On January 14, FBI agents executed a search warrant at Washington Post reporter Hannah Natanson's Virginia home, seizing her phone, laptops, recorder, hard drive, and Garmin watch. The raid was part of an investigation into Aurelio Luis Perez-Lugones, a government contractor with top-secret clearance who was subsequently charged with unlawful retention and transmission of classified national defense information. Prosecutors allege Perez-Lugones shared classified documents with Natanson, who wrote about Venezuela using government documents. Natanson has not been accused of wrongdoing.
On Tuesday, U.S. Magistrate Judge William Porter — who originally approved the search warrant — issued a 22-page ruling blocking the Justice Department from searching the seized devices. Porter ruled the court itself would conduct an independent review to identify materials relevant to the criminal investigation, rejecting both the government's request to use a DOJ filter team and the Post's request for immediate return of the devices.

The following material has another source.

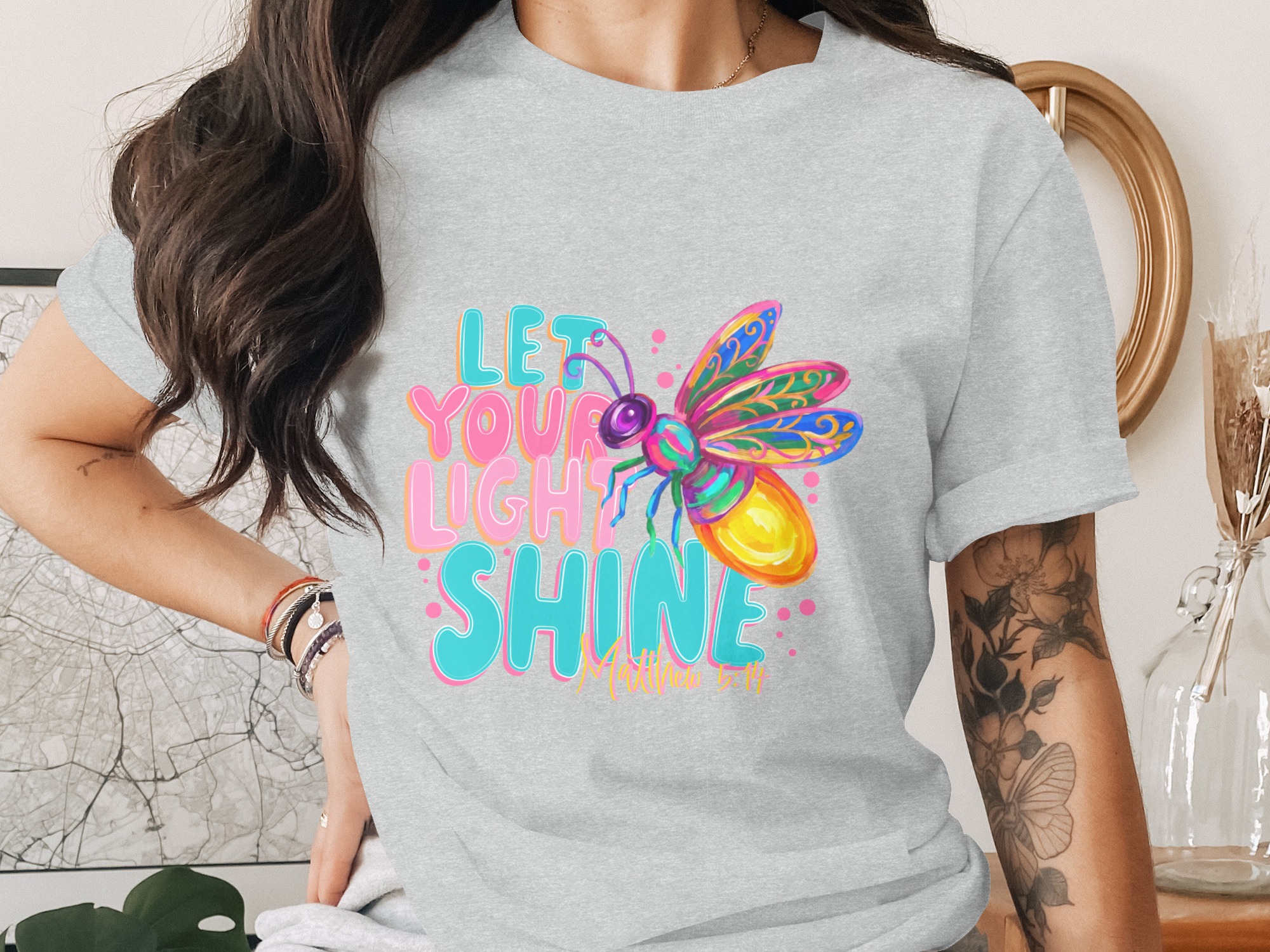 Let Your Light Shine T-Shirt, Matthew 5:14 Firefly Christian Tee, Inspirational Faith Religious Scripture Gift, Colorful Women's Top - Image 2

Porter sharply criticized the Justice Department for failing to disclose or analyze the Privacy Protection Act of 1980 in its warrant application. That federal law restricts government seizures of journalists' work materials when the reporter is not suspected of a crime. Porter revealed he had initially rejected warrant requests as too broad and only approved a narrowed version after two days of back-and-forth — but was unaware of the privacy law during his review. He wrote that if prosecutors had disclosed the law, he "may well have rejected the search warrant application" or directed them to use subpoenas instead.